═════ Records provided

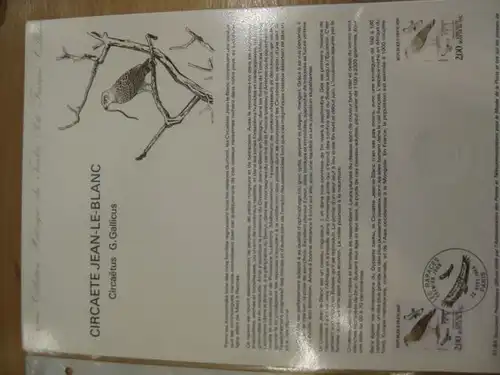Document Philatelique Officiel - Amtliches Ersttagsblatt ETB der POST:Greifvögel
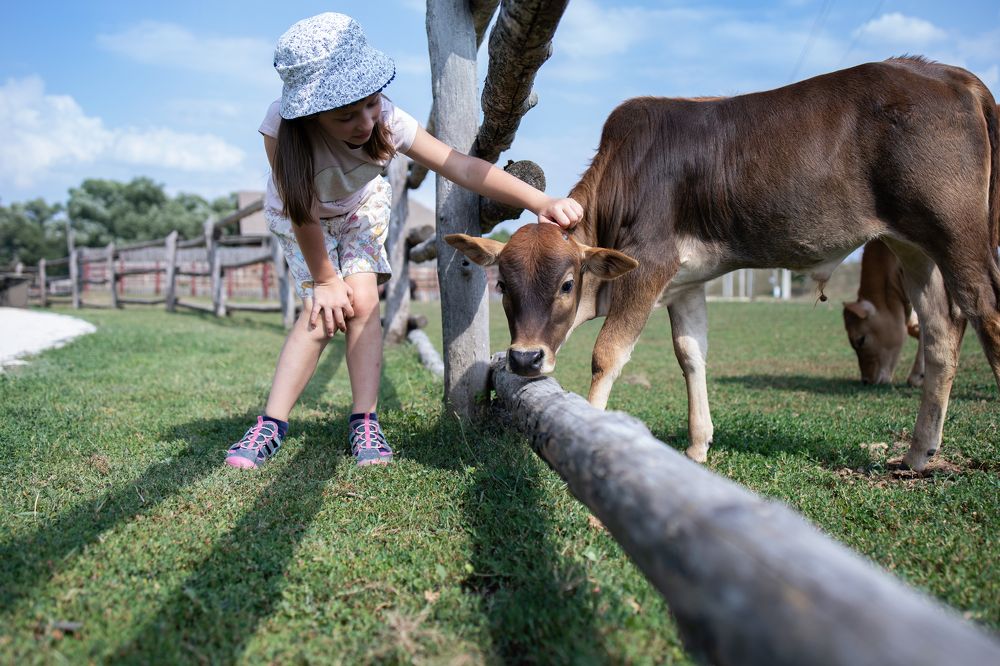 Photograph by Ирина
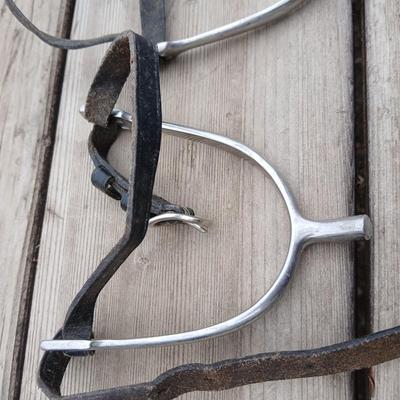 Equestrian Tack - Two pairs of Spurs - Sprenger and unmarked English riding spurs with leather straps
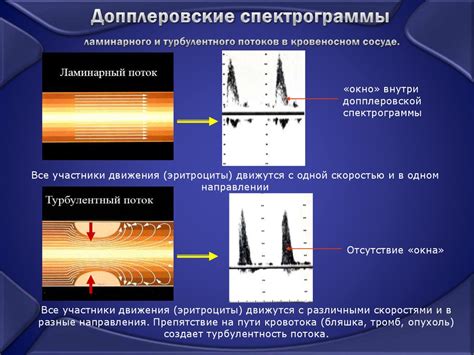 Анализы, исследования, ультразвуковые методы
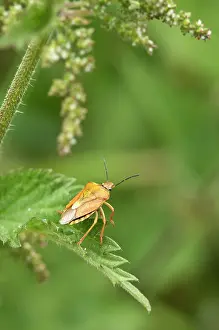 Carpocoris: Black-shouldered Shield Bug (Carpocoris purpureipennis)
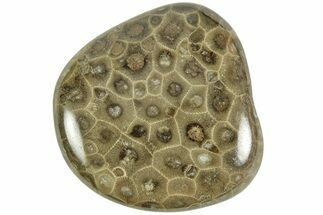 Polished Petoskey Stone (Fossil Coral) - Michigan #212166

══════════

*How to complete this task:* Reproduce the listing word for word, but keep the pictures out of it.

*Written solution:*
Document Philatelique Officiel - Amtliches Ersttagsblatt ETB der POST:Greifvögel
 Photograph by Ирина
 Equestrian Tack - Two pairs of Spurs - Sprenger and unmarked English riding spurs with leather straps
 Анализы, исследования, ультразвуковые методы
 Carpocoris: Black-shouldered Shield Bug (Carpocoris purpureipennis)
 Polished Petoskey Stone (Fossil Coral) - Michigan #212166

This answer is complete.